In reality, there is one force that you can't shut out and that is gravity. You will be moving inside a gravitational field. The earth's gravity varies across the surface of the earth, so you could detect that. You could also theoretically detect if you were moving towards or away from the sun by the variation in the tidal effect due to the sun's gravity and the earth's orbit.

You could move your test to a rocket in space and allow that rocket to free-fall (in orbit or not), in which case Einstein's equivalence principle says that you should not be able to tell that you are accelerating. However, in reality, there will be a gravitational gradient across the train and so, even though you don't feel any acceleration, you could work out that you were in a gravitational field and that therefore you must be going somewhere.

But in terms of theories and axioms, those support the idea that motion itself is not directly detectable. If you were not allowed to detect or interact with any outside influence, but only things produced inside your train, there is no experiment you can do that changes depending on your movement.

The principal of relativity essentially states the laws of physics are the same in all inertial frames.

As I understand it Galileo conducted (or it has been claimed he conducted) an experiment in which he dropped a rock from the top of the mast of a moving ship to show it would land at the base of the mast and not behind it.(How he was able to make sure the ship was moving at constant velocity is another matter).

As far as the mathematics go you have the Galilean transformations and Lorentz modifications already discussed below.

I suppose to absolutely prove the principle you would have to conduct experiments that demonstrate all currently known laws of physics are the same on the train when it’s moving at constant speed on a straight track as when it is at rest with respect to the track. Or at least conduct enough experiments to be convinced.

Hope this helps.

I think it's a pretty well-tested idea considering we experience it pretty much in our daily lives.

And actually, even though this is technically not correct since we're on earth which is a big ball with a gravitational field and we're neglecting acceleration, even if you're on a train moving at a constant velocity with windows and sound, you still wouldn't be able to prove that you were moving. All velocities are relative, that's the principle of relativity. This is getting a bit philosophical but how do you know it isn't the earth moving below the train that gives the appearance of motion (again ignoring that the earth is a big globe and other factors for sake of simplicity)? It's a question of your frame of reference. That's relativity.

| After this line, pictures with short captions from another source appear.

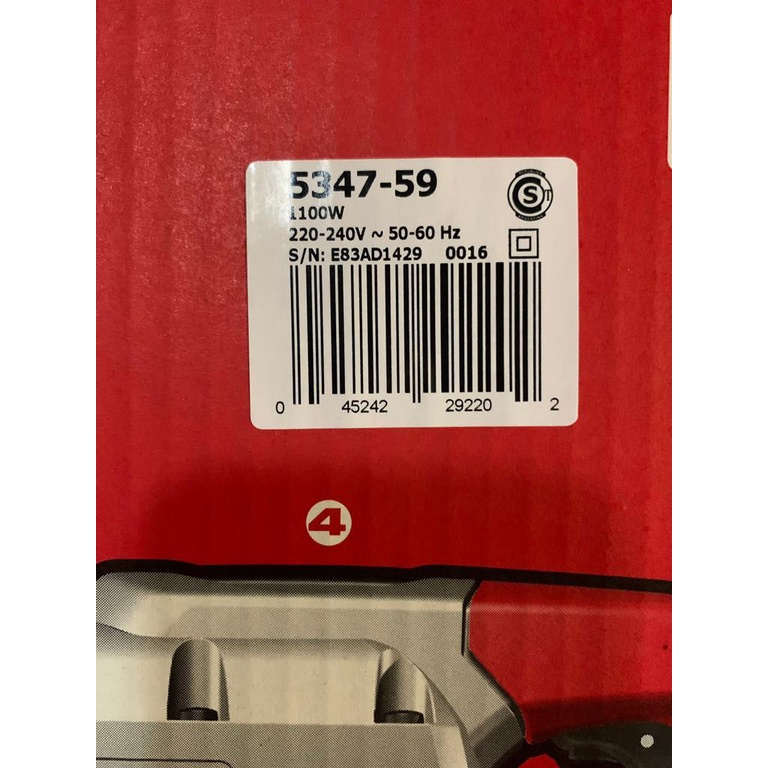 ĐỤC BETONG MILWAUKEE 17LY - 5347-59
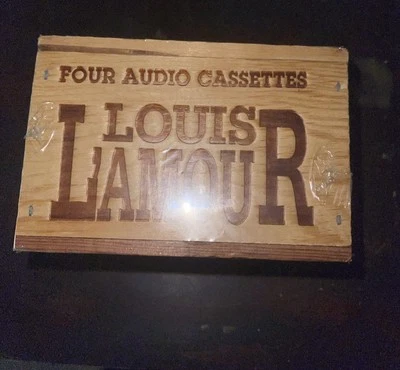 Louis L'Amour Collection by Louis L'Amour (2002, Audio Cassette) - Image 1 of 4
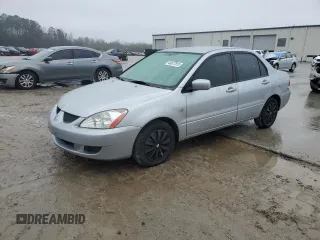 2005 Mitsubishi Lancer ES with VIN JA3AJ26E05U003642, listed as a Copart auction lot 44577815 with 181,248 mi miles and Clean Title. Bid and sale history available at carsss.com. Image 1.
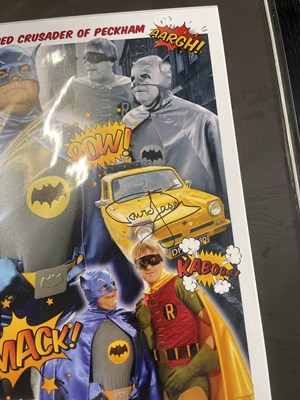 Lot 118 - ONLY FOOLS AND HORSES - DAVID JASON SIGNED ITEMS.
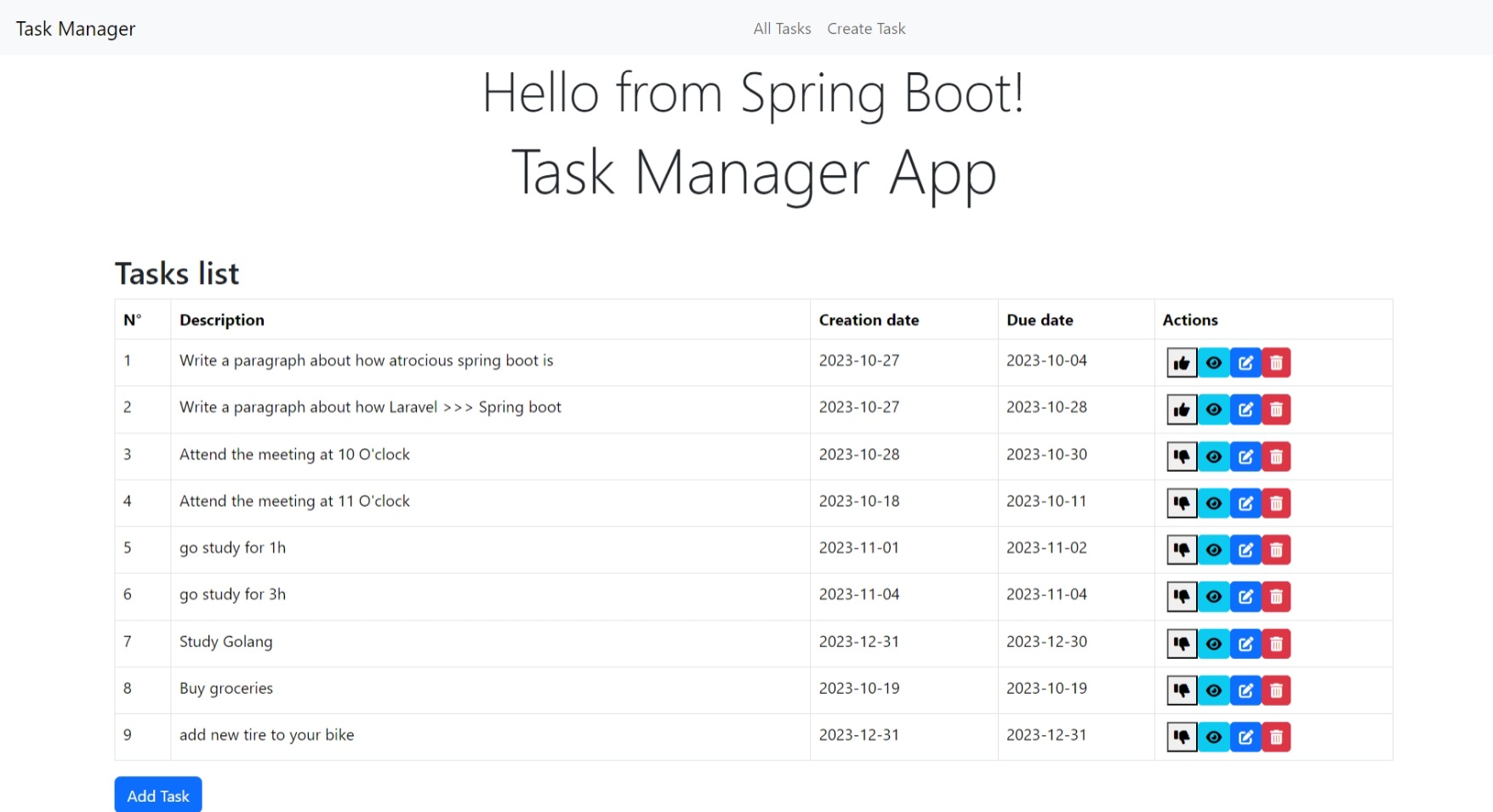 Task Manager App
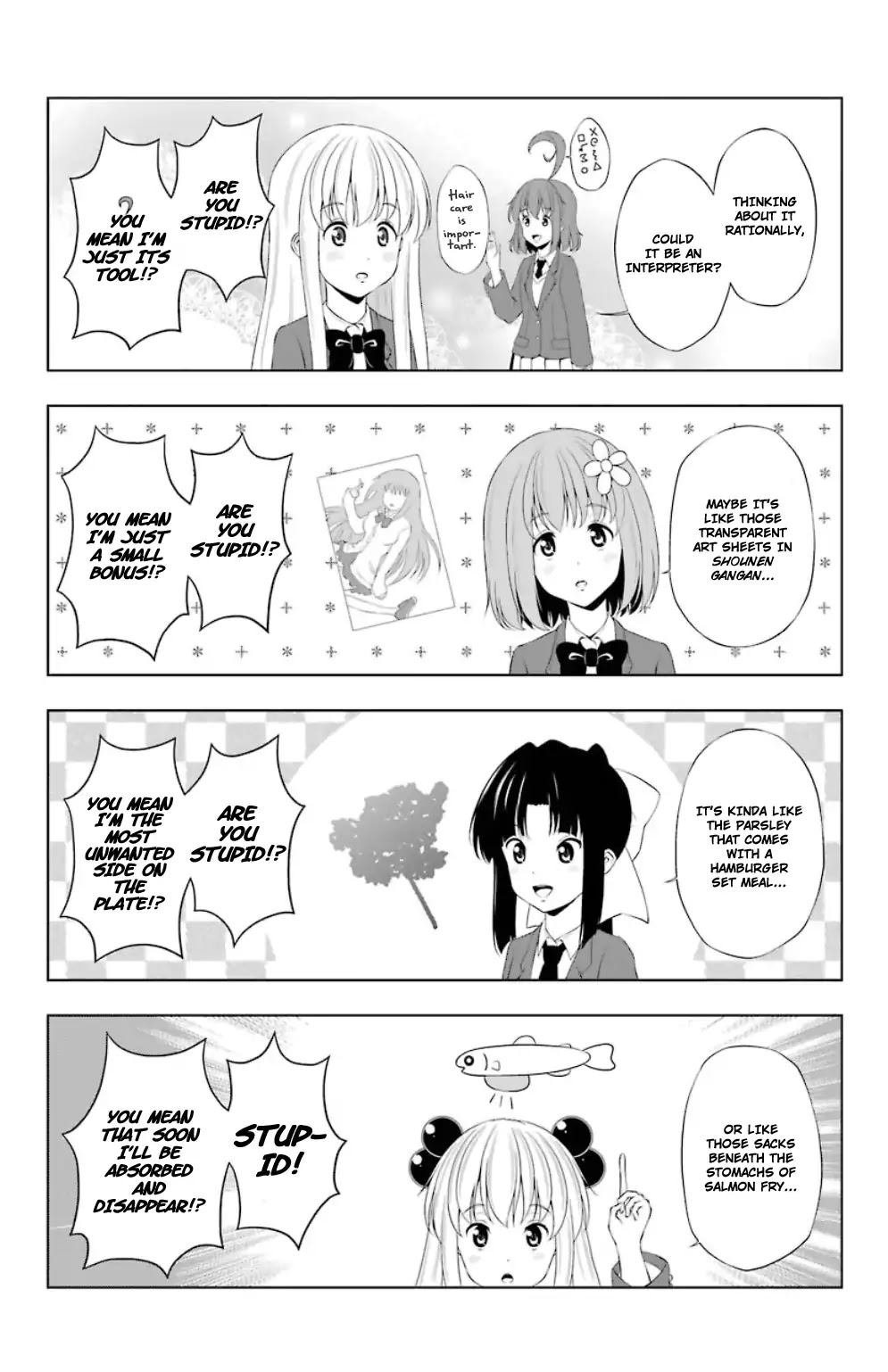 Kitakubu Katsudou Kiroku Chapter 18 page 4 - Chapter 18: The Nameless Landmark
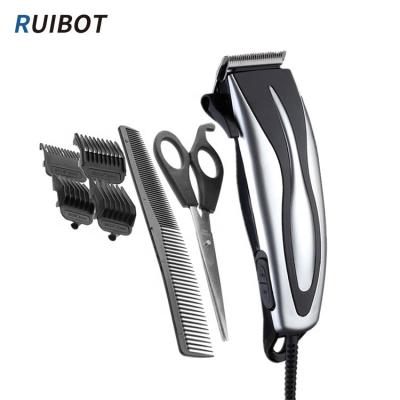 China Outdoor Good Stuff Men's Commercial Electric Hair Clipper Brooch professional cordless del pelo for sale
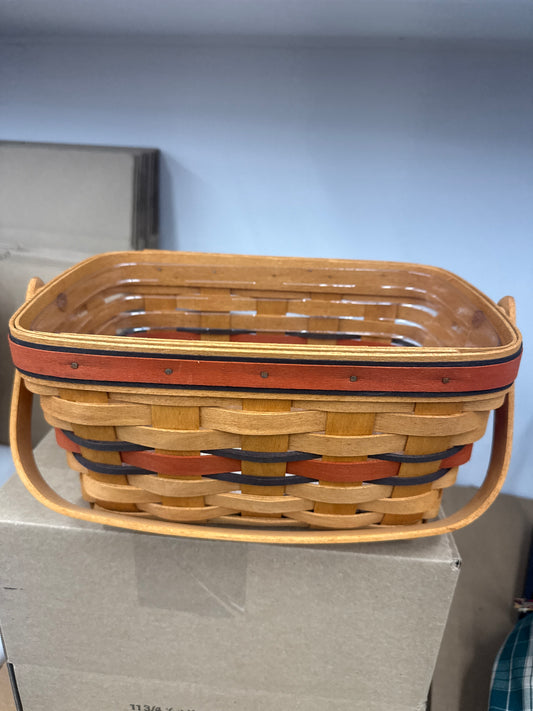Longaberger boo basket with protector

As for the mathematics, what you're looking for is something called the Galilean Transformations, or something called the Lorentz Transformations which take into account the invariance of the speed of light. Those equations give you the ability to transform from one reference frame into another.

If you're looking for say, your position along the x axis in one reference frame compared to another in galilean relativity, while one reference frame is moving away from the other, the equation is $$x'= x-vt$$ Where t is time and v is the velocity.

In special relativity, where the speed of light is constant, this equation becomes $$x'= γ(x-vt)$$

Where $$γ=\frac{1}{\sqrt{1-\frac{v^2}{c^2}}}$$ and c equals the speed of light. At low velocities, γ reduces to 1 and the whole equation reduces to the galilean transformation.

One chief difference between the lorentz transformations and the galilean transformations is that not only position changes between reference frames, but time does also, also known as time dilation.

As for why this principle of relativity is the case, i'm not really sure, it seems to be a fundamental symmetry of spacetime. There could be a quantum field theoretic explanation towards this but at this moment in time i am not aware of it.